It’s clear that today’s media environment has made placements in print magazines more and more challenging for the Average Josephine. Although the blood loss may have slowed, magazines have reduced editorial pages significantly over the past few years. Of the pages that remain, many are forced to promise coverage to advertisers in order to stay afloat. Add to that the fact that most editors are doing 3x the job they used to because of staff cuts, and it’s a tough challenge.
Yet print magazines still remain (in my opinion, certainly not everyone’s) an important part of many media campaigns. Getting an editor’s attention can be key to promoting your product, book or service. In the last couple of years, we’ve started doing things a little differently here at Wax…and I’d like to share some of the creative ways we get an editor’s attention.

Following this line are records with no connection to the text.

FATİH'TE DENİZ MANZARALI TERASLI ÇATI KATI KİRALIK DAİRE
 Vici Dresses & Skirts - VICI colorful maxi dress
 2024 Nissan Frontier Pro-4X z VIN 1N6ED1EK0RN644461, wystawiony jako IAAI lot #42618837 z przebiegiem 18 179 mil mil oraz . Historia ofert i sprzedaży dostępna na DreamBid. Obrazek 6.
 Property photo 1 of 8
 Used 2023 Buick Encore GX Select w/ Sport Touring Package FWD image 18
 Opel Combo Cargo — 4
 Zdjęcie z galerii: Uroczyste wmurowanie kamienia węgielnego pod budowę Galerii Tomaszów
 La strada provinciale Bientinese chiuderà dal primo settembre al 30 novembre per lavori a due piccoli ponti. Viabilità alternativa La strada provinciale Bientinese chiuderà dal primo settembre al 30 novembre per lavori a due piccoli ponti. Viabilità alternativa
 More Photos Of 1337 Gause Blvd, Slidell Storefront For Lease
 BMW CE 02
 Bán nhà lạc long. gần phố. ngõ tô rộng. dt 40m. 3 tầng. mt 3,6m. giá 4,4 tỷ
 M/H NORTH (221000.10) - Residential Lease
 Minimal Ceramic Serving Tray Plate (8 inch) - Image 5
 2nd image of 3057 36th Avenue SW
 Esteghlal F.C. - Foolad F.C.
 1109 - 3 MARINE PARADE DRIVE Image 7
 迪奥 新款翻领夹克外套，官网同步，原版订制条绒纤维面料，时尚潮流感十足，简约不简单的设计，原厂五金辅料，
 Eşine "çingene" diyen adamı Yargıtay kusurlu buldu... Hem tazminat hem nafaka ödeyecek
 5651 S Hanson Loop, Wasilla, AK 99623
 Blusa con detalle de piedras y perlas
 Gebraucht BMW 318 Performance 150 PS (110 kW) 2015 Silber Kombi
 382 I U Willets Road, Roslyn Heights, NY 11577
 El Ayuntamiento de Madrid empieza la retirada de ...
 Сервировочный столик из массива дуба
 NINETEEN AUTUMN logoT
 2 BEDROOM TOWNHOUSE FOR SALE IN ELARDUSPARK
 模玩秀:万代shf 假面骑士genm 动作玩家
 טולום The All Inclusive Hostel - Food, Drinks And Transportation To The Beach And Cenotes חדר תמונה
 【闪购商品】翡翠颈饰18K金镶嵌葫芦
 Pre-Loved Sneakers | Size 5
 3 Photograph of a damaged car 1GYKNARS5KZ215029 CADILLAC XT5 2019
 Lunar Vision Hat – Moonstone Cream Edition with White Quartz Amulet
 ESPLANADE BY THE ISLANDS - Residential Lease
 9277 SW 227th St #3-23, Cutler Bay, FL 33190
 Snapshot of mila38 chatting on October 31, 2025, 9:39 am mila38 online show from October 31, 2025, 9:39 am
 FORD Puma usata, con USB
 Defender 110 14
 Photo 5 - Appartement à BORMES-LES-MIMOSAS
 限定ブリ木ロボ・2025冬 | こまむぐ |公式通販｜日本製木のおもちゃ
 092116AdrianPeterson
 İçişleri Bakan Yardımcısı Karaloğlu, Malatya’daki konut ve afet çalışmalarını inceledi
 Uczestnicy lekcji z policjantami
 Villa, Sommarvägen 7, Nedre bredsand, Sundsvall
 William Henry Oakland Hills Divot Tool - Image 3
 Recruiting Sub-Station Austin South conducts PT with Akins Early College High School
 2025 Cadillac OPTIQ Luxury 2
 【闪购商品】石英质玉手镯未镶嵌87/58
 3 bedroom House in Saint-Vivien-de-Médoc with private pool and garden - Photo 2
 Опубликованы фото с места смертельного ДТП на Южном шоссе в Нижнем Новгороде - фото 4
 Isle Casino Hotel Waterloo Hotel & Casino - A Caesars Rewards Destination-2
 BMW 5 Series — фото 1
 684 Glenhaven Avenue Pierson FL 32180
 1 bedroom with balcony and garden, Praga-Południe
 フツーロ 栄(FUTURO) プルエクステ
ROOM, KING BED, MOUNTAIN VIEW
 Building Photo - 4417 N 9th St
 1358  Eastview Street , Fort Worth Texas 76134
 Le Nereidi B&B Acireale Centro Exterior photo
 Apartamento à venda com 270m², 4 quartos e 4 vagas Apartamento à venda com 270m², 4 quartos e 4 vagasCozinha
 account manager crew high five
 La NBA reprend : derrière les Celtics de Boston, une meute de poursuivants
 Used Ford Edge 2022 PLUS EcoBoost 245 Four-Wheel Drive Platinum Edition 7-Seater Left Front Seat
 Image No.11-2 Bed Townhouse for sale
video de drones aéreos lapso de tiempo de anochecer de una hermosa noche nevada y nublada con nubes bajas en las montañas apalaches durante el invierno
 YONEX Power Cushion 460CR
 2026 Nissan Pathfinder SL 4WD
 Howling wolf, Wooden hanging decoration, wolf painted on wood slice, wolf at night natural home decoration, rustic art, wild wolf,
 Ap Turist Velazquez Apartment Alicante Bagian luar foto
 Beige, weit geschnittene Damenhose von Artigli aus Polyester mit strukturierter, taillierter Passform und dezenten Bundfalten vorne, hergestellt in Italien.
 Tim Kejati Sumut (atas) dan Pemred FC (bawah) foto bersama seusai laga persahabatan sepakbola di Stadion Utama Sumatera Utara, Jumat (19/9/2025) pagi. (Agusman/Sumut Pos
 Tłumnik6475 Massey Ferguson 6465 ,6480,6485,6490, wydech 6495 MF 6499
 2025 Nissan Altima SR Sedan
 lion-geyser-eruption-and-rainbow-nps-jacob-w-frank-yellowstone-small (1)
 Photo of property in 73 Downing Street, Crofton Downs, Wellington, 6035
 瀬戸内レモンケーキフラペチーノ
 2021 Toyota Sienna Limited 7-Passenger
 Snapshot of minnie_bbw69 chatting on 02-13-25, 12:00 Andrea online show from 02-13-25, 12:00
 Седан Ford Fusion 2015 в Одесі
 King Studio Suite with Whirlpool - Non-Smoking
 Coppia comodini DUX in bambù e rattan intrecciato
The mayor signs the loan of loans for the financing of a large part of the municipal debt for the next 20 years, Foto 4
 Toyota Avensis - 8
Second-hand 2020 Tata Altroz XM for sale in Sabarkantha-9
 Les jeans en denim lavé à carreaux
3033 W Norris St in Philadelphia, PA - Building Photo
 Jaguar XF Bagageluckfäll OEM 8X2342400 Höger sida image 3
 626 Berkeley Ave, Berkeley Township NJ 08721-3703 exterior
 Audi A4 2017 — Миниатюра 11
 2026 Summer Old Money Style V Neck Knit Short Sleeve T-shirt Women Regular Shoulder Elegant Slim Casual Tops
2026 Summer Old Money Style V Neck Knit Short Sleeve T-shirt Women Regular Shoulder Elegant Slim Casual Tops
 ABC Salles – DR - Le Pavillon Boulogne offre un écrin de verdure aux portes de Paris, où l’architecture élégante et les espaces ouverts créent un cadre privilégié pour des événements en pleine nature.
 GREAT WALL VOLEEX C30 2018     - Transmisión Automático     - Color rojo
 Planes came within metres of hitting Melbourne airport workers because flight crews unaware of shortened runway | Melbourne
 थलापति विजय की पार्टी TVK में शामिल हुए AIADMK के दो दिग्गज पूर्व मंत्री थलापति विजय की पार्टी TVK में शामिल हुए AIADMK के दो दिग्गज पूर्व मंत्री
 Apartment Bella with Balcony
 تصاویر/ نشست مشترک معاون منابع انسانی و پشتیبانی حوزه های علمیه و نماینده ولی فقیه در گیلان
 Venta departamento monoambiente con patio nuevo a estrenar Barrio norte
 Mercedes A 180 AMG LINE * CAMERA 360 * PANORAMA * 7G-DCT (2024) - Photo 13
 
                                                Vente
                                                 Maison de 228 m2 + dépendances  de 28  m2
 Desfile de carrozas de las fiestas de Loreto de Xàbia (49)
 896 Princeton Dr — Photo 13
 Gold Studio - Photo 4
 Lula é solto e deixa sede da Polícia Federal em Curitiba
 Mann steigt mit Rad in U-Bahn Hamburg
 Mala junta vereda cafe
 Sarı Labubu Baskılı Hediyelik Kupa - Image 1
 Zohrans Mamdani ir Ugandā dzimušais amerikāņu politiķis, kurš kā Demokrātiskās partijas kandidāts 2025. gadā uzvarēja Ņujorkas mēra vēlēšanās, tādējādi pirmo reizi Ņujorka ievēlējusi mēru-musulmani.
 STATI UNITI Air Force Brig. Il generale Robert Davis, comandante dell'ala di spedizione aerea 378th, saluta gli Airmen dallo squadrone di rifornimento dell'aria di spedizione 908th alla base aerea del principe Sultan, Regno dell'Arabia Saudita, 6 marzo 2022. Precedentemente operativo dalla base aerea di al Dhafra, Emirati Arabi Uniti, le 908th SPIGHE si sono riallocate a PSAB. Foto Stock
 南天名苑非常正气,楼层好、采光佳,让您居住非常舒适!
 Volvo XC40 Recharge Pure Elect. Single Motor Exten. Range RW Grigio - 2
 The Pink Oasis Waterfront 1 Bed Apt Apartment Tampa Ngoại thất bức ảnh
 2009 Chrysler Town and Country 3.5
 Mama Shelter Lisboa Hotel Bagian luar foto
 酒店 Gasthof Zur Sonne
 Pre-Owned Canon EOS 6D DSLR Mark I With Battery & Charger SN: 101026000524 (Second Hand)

1. Find them on Twitter and introduce yourself. It doesn’t matter how many followers you have…for some reason editors, writers and producers are much more willing to “make friends” on Twitter. Even when I don’t know someone, a simple tweet or email that says “saw that you often cover XXXX when I was on Twitter…would it be okay if I sent you a pitch on my product?” That casual approach, with permission to pitch, has worked tremendously well for us. Most journalists have been told to increase their Twitter presence as well. If you can make introductions and help them do that, go for it. (Note: this approach works well for bloggers too. But keep your first email SHORT…don’t try to sneak in a pitch or they’ll ignore you)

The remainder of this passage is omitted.